Recorded data:
+===+
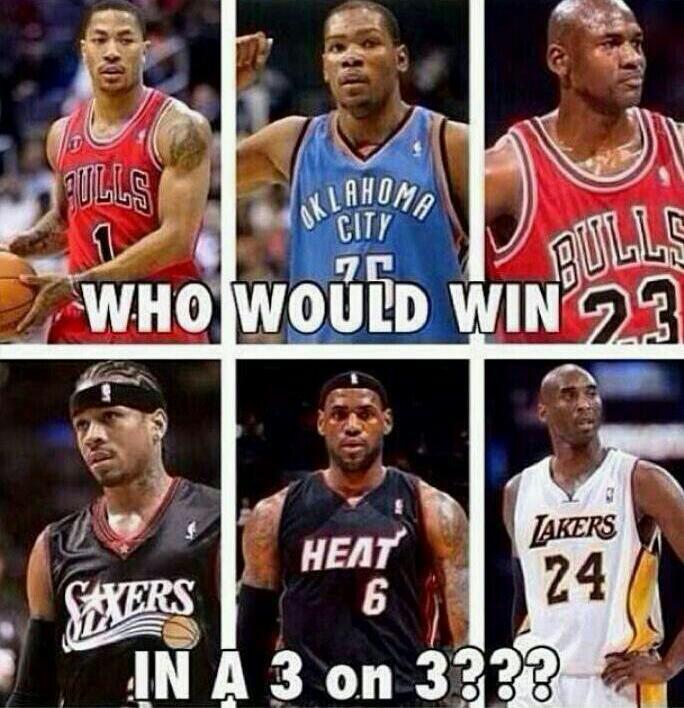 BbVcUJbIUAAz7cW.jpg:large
+===+
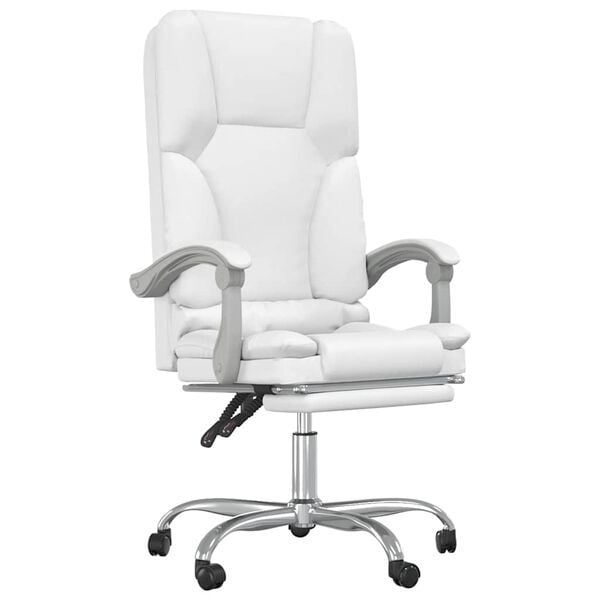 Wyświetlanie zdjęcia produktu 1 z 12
+===+
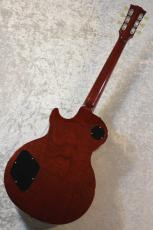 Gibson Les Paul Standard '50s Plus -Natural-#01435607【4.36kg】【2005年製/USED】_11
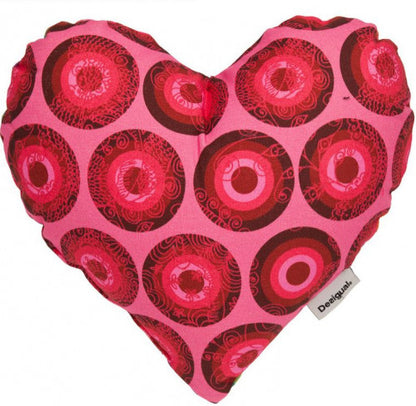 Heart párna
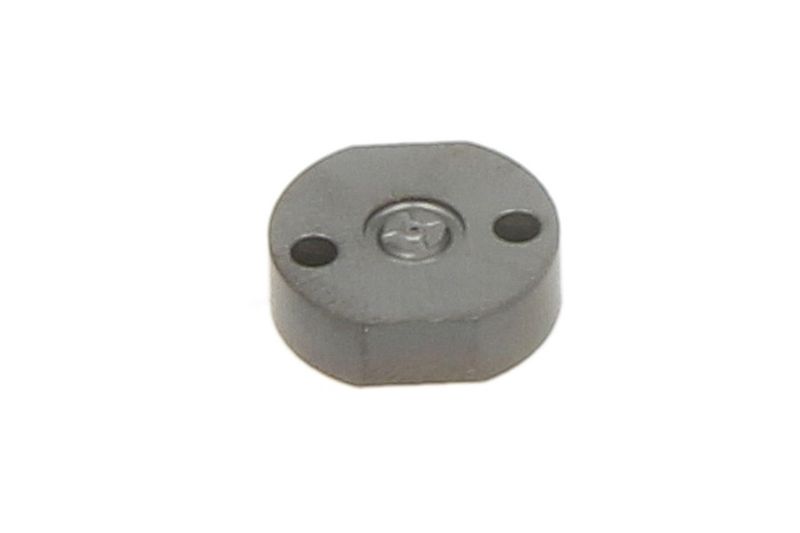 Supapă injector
+===+
Task brief:
Could you output exactly the lines above, from the line with "Gibson Les Paul" up to and including the line with "Supapă injector", and nothing else, skipping the pictures?

Answer to the exercise:
 Gibson Les Paul Standard '50s Plus -Natural-#01435607【4.36kg】【2005年製/USED】_11
 Heart párna
 Supapă injector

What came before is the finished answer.